*** Data to use ***

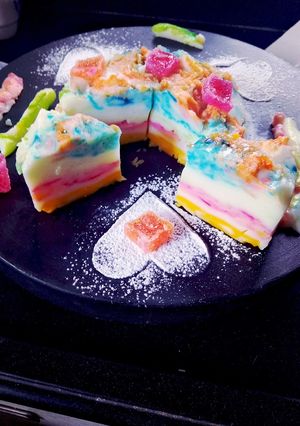 रेनबो मिल्क जेली (rainbow milk jelly recipe in Hindi) रेसिपी मुख्य फोटो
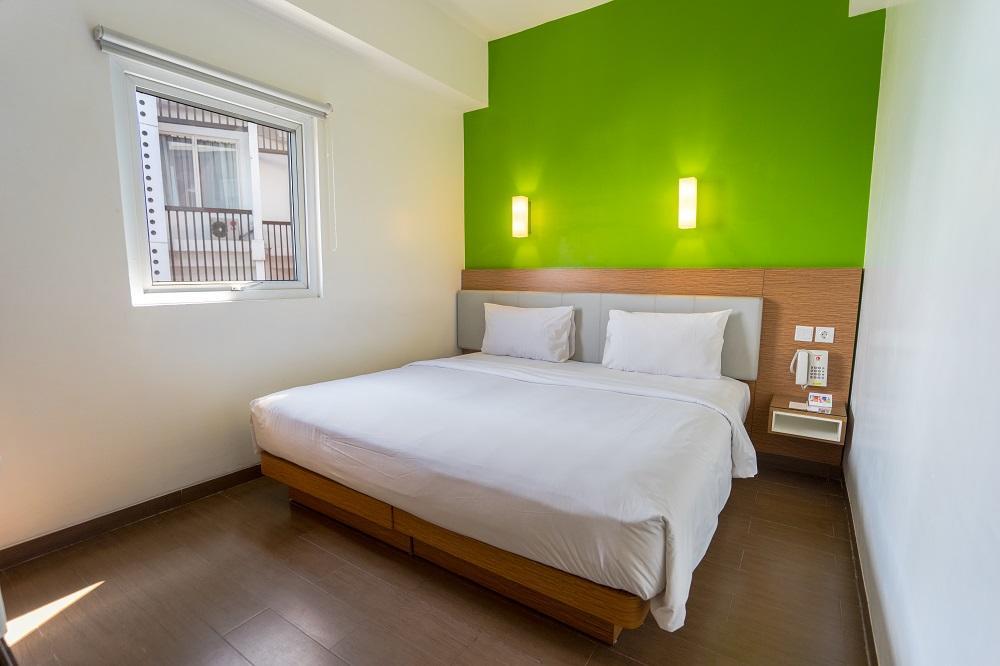 Amaris Hotel Pancoran Jakarta Exterior photo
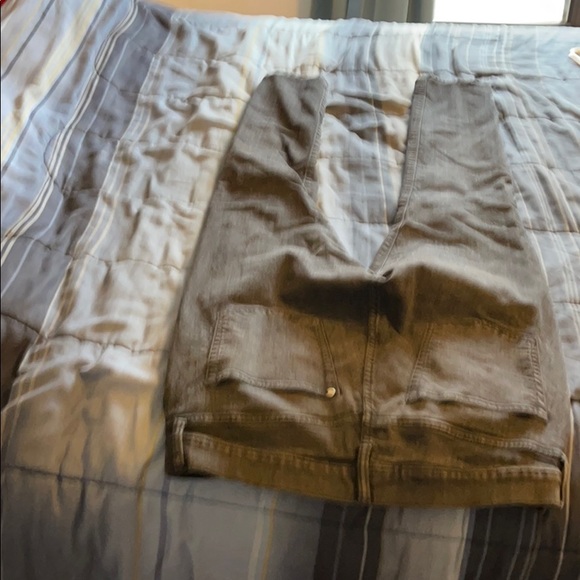 Jeans - Picture 2 of 4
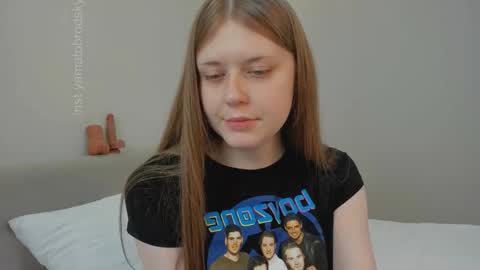 yamatobrodsky1 online show from 10/12/25, 10:03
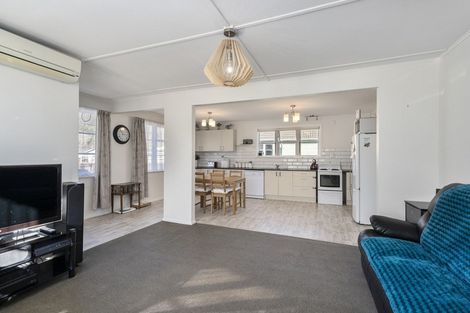 Photo of property in 14 Strand Crescent, Naenae, Lower Hutt, 5011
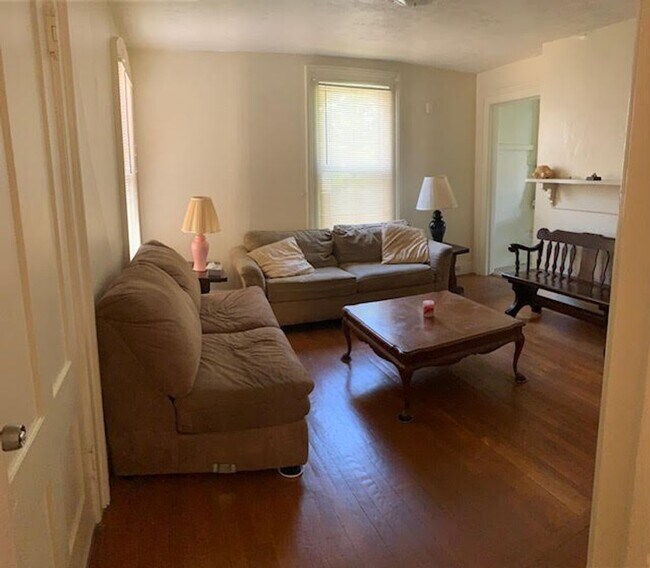 Photo - 7 University Pl Unit 2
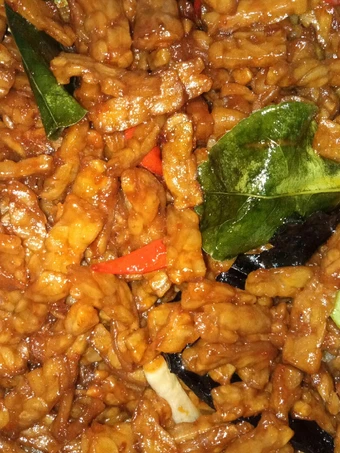 Cara Mudah Membikin Resep Tempe Kering Asam Manis yang Lezat Anti Ribet, Uenak Banget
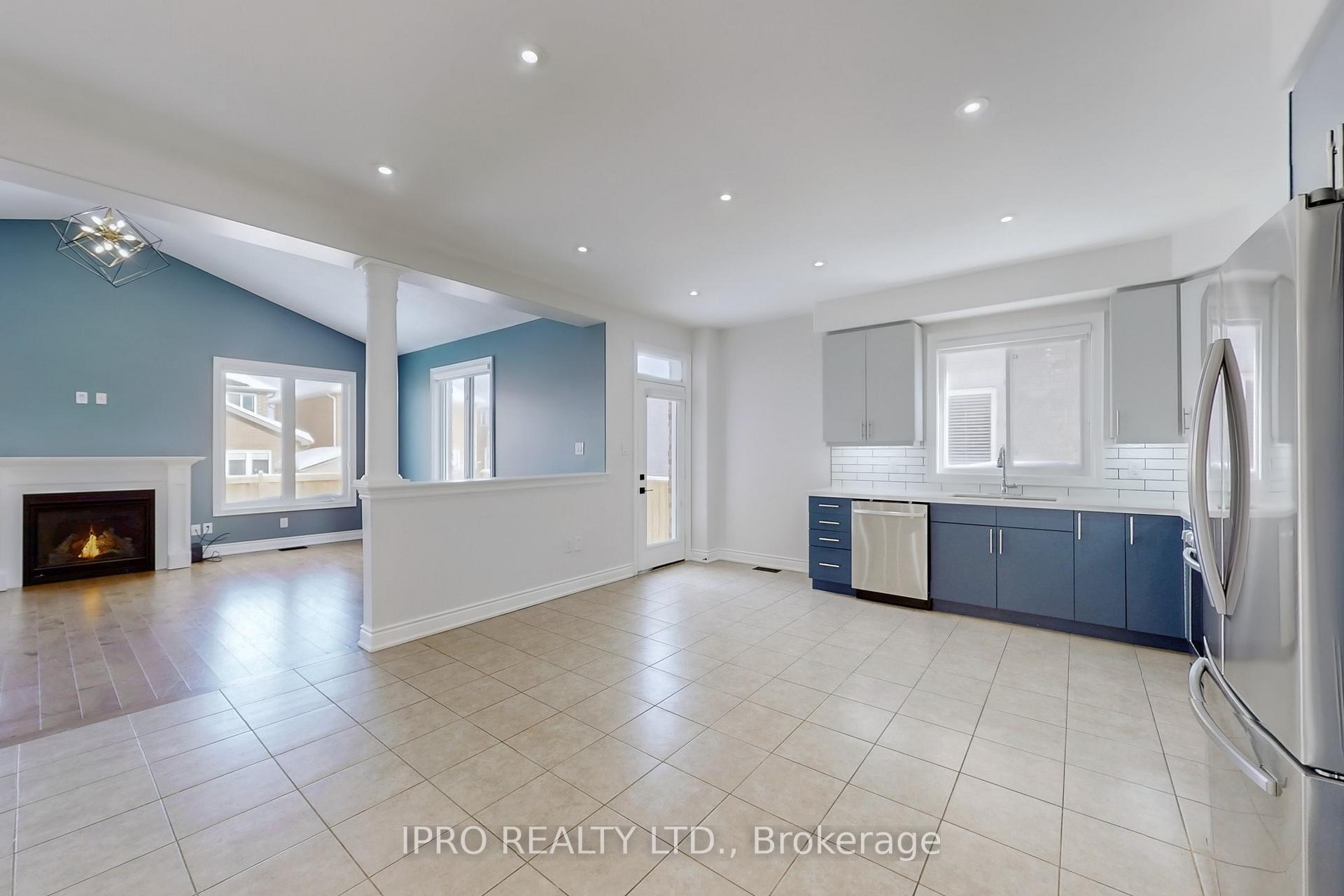 Photo 5 of 104 Nathan Crescent, Barrie, Painswick South — HOMEH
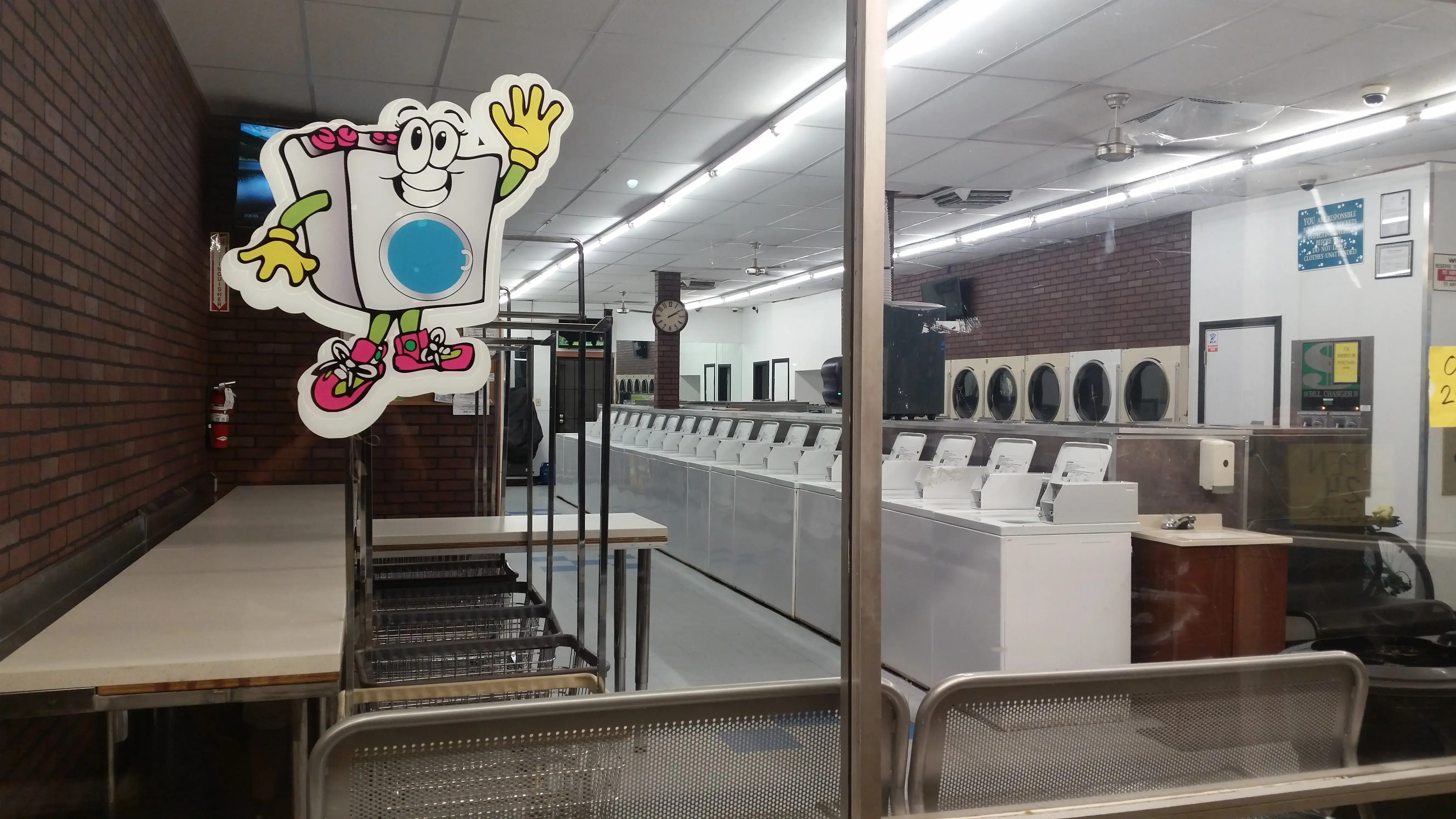 Laundry Day Laundromat/Wash N Fold - Image 10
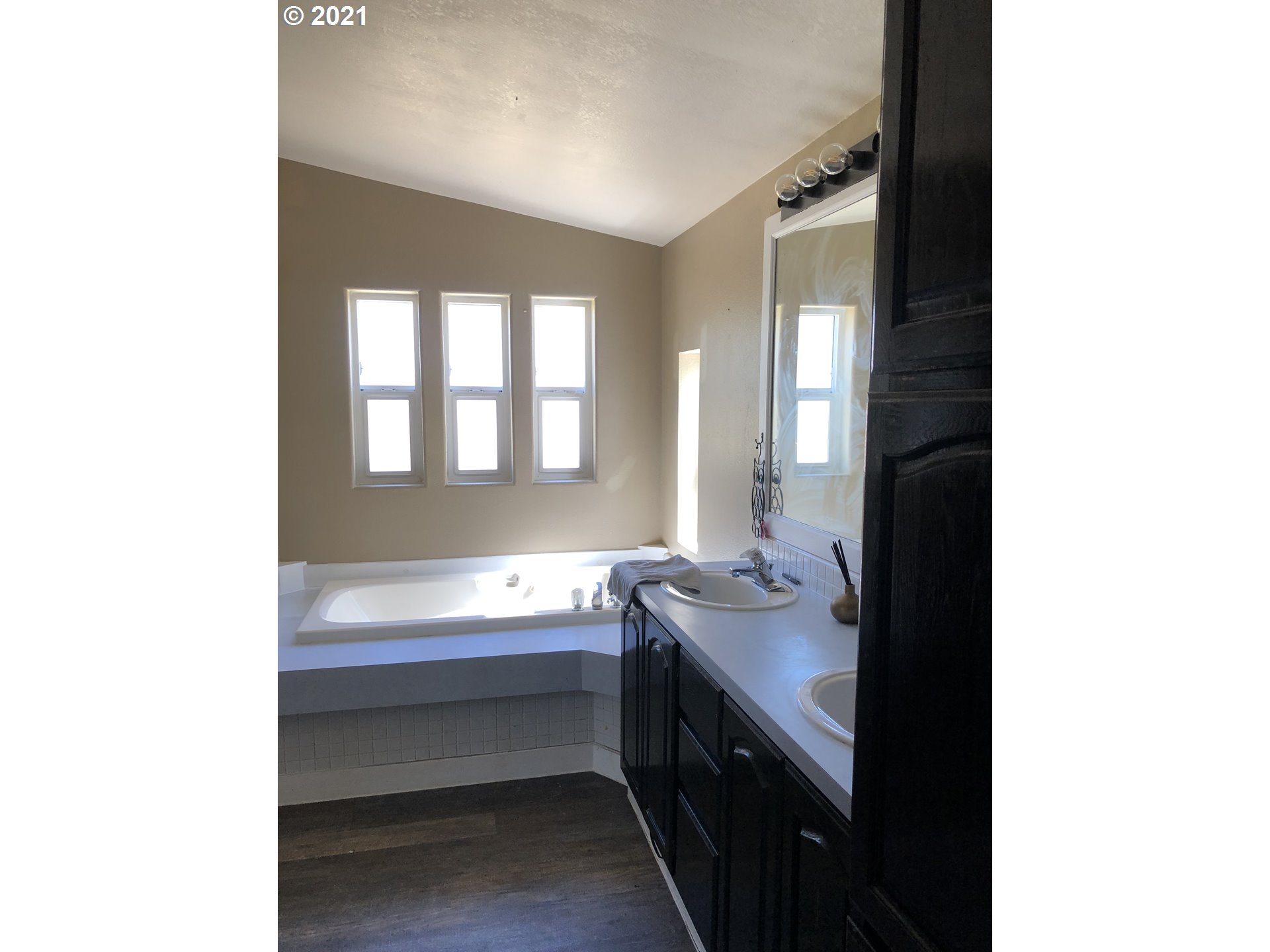 8245 Burbank Road Tillamook, OR 97141 - Photo 26 of 28 a bathroom with a sink and a bathtub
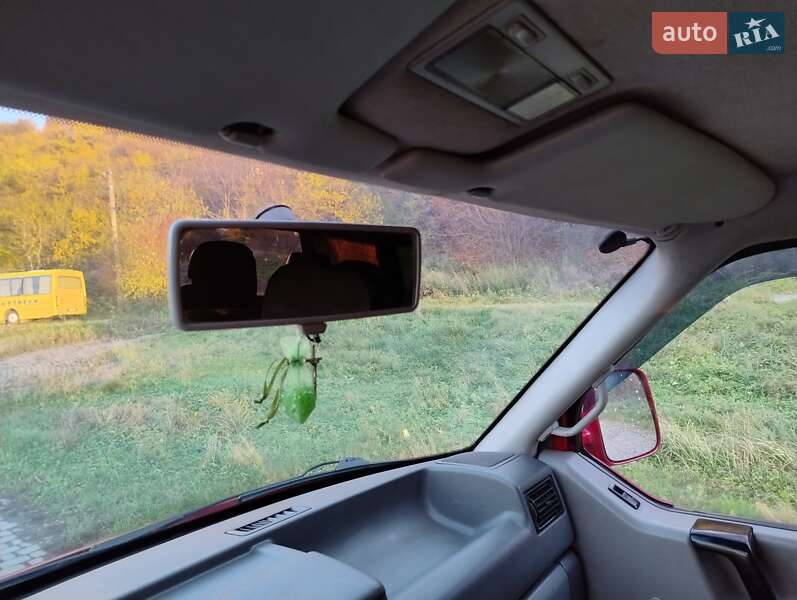 Минивэн Volkswagen Transporter 1999 в Ивано-Франковске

*** End of Data to use ***

- [What to produce] Repeat the material line for line. Pictures stay out of the copy.

- [Exercise response]
 रेनबो मिल्क जेली (rainbow milk jelly recipe in Hindi) रेसिपी मुख्य फोटो
 Amaris Hotel Pancoran Jakarta Exterior photo
 Jeans - Picture 2 of 4
 yamatobrodsky1 online show from 10/12/25, 10:03
 Photo of property in 14 Strand Crescent, Naenae, Lower Hutt, 5011
 Photo - 7 University Pl Unit 2
 Cara Mudah Membikin Resep Tempe Kering Asam Manis yang Lezat Anti Ribet, Uenak Banget
 Photo 5 of 104 Nathan Crescent, Barrie, Painswick South — HOMEH
 Laundry Day Laundromat/Wash N Fold - Image 10
 8245 Burbank Road Tillamook, OR 97141 - Photo 26 of 28 a bathroom with a sink and a bathtub
 Минивэн Volkswagen Transporter 1999 в Ивано-Франковске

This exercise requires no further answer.